Ian was no more a diabetic than he was a depressive. He was a man who struggled with both, but neither was a defining feature, even when they seemed to overwhelm his experience of himself, and everyone else’s experience of him.
As in death, so in life. I doubt very much Ian will be remembered as a diabetic or a depressive alone, and perhaps not much at all. Ian is like the elephant that twenty blind men and women try to describe from the laying of hands in twenty different places. All of their descriptions are true for that particular part of the elephant.
But no part captures of the complex nature of the whole. Collectively, however, they add up to the lovable, difficult and everything-in-between human being that Ian still is in our minds and hearts.
To be honest, I cannot say I would have gone out of my way to spend time with Ian in life, painful though that is to write.
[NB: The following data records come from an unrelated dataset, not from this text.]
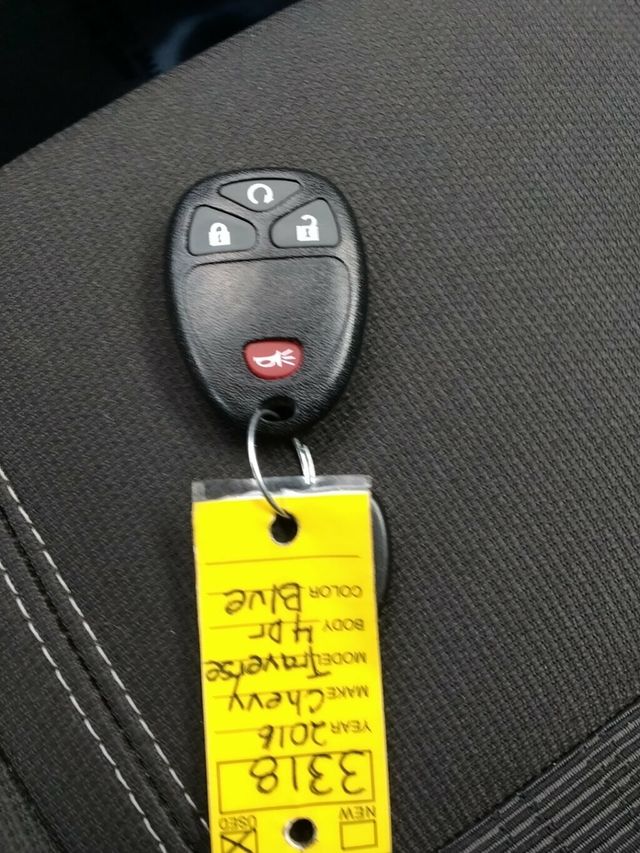 2016 Chevrolet Traverse AWD 4dr LT w/1LT - 22951245 - 27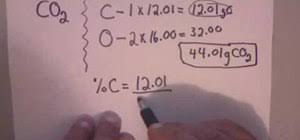 The formula will show a value in percentage form. How To Calculate Percent Error In Chemistry Lab Activities Math Wonderhowto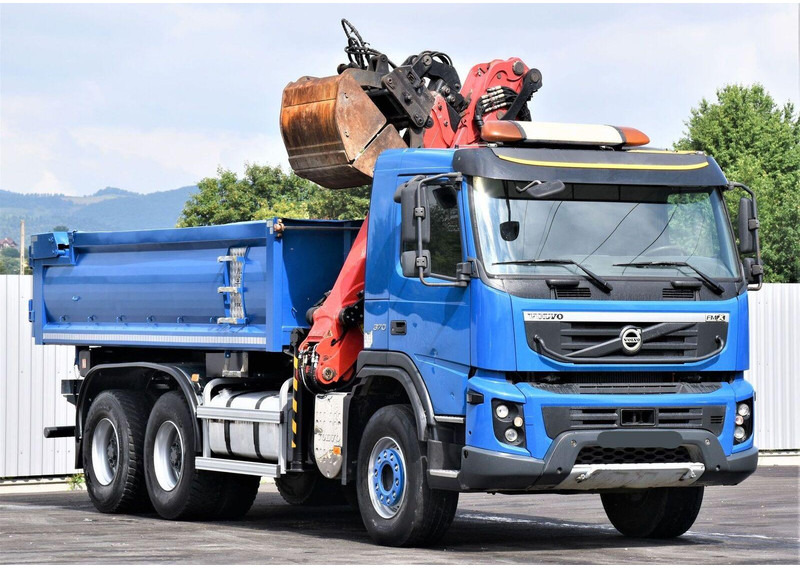 Volvo FMX 370 - Truk jungkit, Truk derek: gambar 4 Volvo FMX 370 - Truk jungkit, Truk derek: gambar 4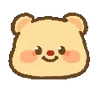 🤩 Эмодзи «ʕᴥʔ𝙗𝙪𝙩𝙩𝙚𝙧𝙗𝙚𝙖𝙧» для Telegram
But I can just as honestly say I’m sorry he’s gone, and sad that he did not find love again, or return to South America to do the work he was born to do. But the children whose lives he did touch when there with his wife, kids who have no idea Ian no longer walks this earth, still no doubt experience his love as tangibly as if he were alive.
And I wonder, is there really a difference between life and death when it comes to how much we love someone and how loved we feel by them?